Section by Andrei Frumusanu

It’s been two years since Arm announced their first “next-generation” GPU architecture based on Bifrost and alongside with it its first implementation the G71. Following its release in the first products the GPU was off to a very shaky start as the G71 was quite a disaster in the Kirin 960 and Exynos 8895 as both GPU implementations blew past their power budgets in severe manners.

This year’s G72 was a much more reasonable product as it offered up to a 100% improvement in efficiency in the Kirin 970 and Exynos 9810, putting the G72 a lot nearer to the performance and efficiency targets that the Bifrost architecture was promised to achieve.

Today’s Arm announces the follow-up to the G72 and the latest offspring in the Bifrost family: The Mali G76. The targets of the GPU IP should be pretty clear: Improve performance, efficiency and area and try to catch up with the competition as much as possible.

Overall what Arm promises for the next generation of SoCs using the G76 on a new TSMC 7nm process is a 50% increase in performance versus current generation devices.

In terms of apples-to-apples comparisons, we see three key metrics that are improved: A 30% improvement in performance density is the first one. What this means is that either for the same area, the new GPU will perform 30% better, or for the same performance, the vendor can shrink the GPU space on the SoC.

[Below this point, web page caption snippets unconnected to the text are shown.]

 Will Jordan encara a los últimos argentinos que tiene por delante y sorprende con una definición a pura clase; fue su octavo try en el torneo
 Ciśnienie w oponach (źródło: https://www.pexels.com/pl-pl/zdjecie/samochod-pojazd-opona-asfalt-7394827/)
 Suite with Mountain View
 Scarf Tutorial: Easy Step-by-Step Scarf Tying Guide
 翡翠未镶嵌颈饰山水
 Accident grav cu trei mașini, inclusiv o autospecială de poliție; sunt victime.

The new GPU promises a 30% microarchitectural efficiency improvement thanks to a consolidation of the functional blocks of the unit. Efficiency is particularly something Arm needs to focus on in regards to Mali as we’ve seen a few missteps over the last year or two and the competition from Qualcomm in the GPU and 3D gaming space is particularly fierce.

Finally, there’s a quoted 2.7x improvement for machine learning inferencing applications thanks to the inclusion of new dedicated 8-bit dot product instructions.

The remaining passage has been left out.